▶ [What is expected] The required answer is the data below, restated word for word with images omitted.

▶ [Given material]
- Opening Delimiter -
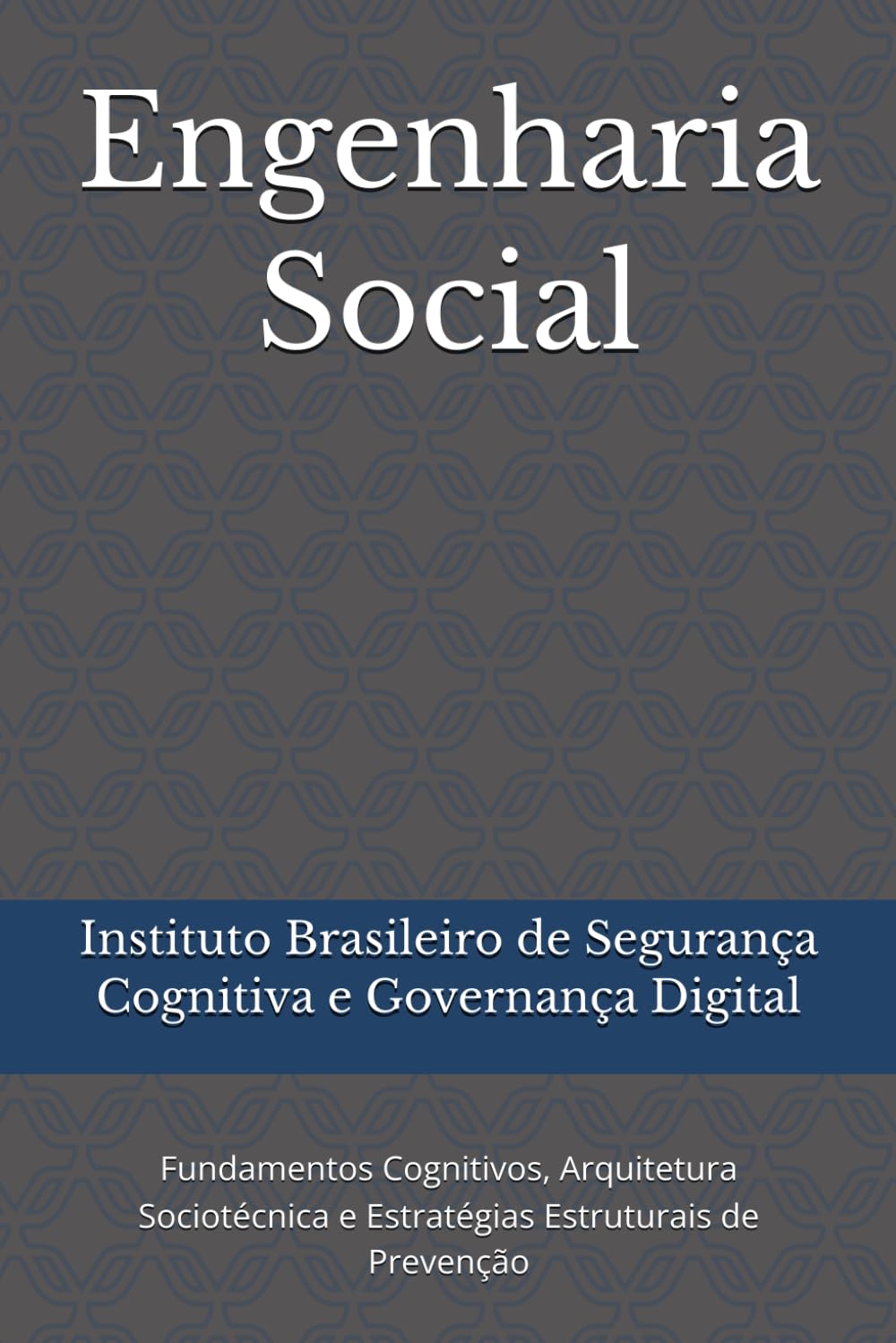 Engenharia Social: Fundamentos Cognitivos, Arquitetura Sociotécnica e Estratégias Estruturais de Prevenção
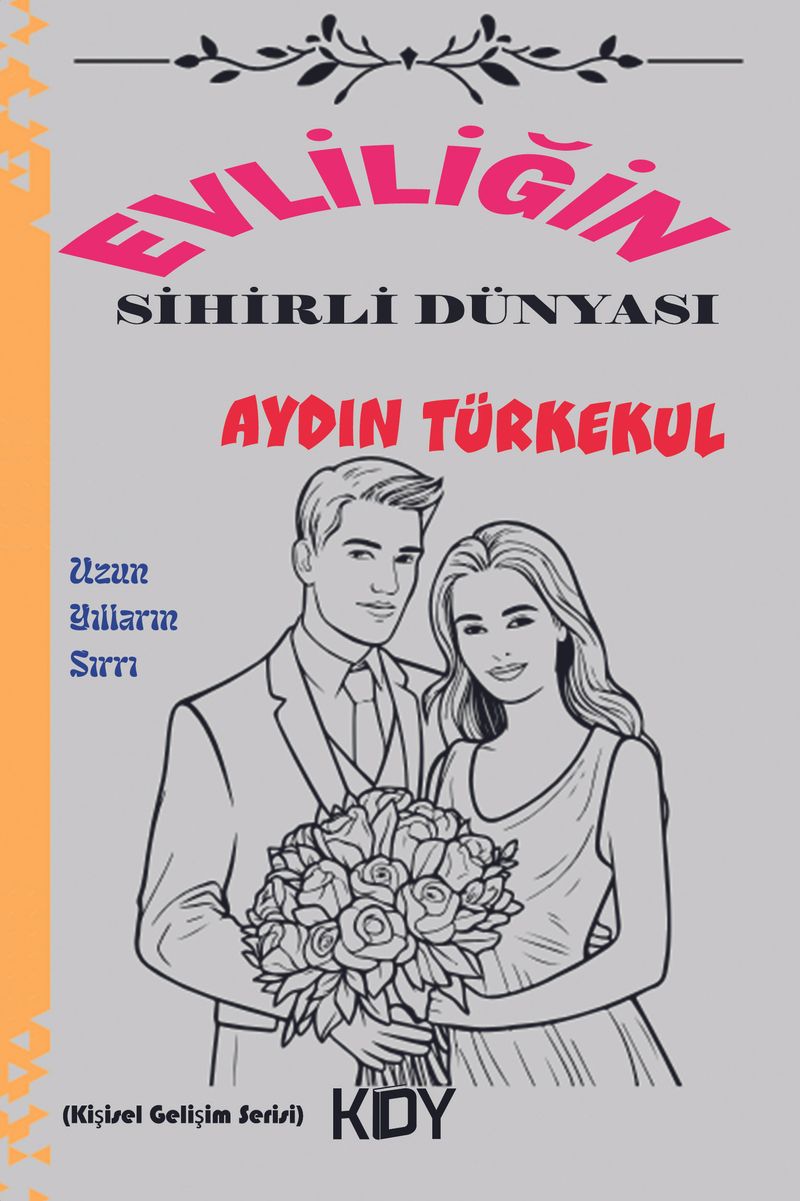 Evliliğin Sihirli Dünyası kitap kapağı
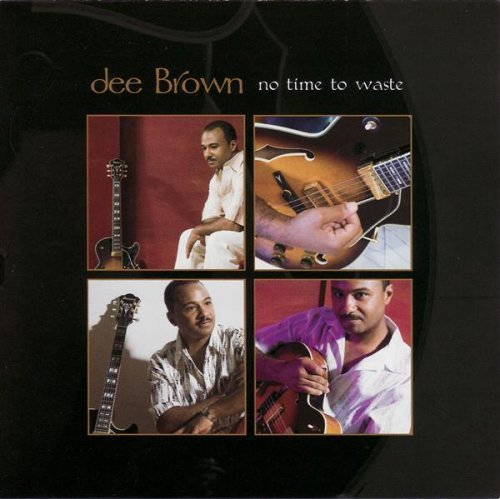 Cover for Dee Brown · No Time To Waste (CD) (2012)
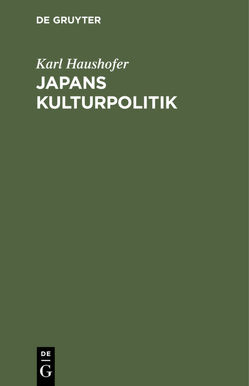 Japans Kulturpolitik von Haushofer,  Karl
- Closing Delimiter -
▶ [Response area]
 Engenharia Social: Fundamentos Cognitivos, Arquitetura Sociotécnica e Estratégias Estruturais de Prevenção
 Evliliğin Sihirli Dünyası kitap kapağı
 Cover for Dee Brown · No Time To Waste (CD) (2012)
 Japans Kulturpolitik von Haushofer,  Karl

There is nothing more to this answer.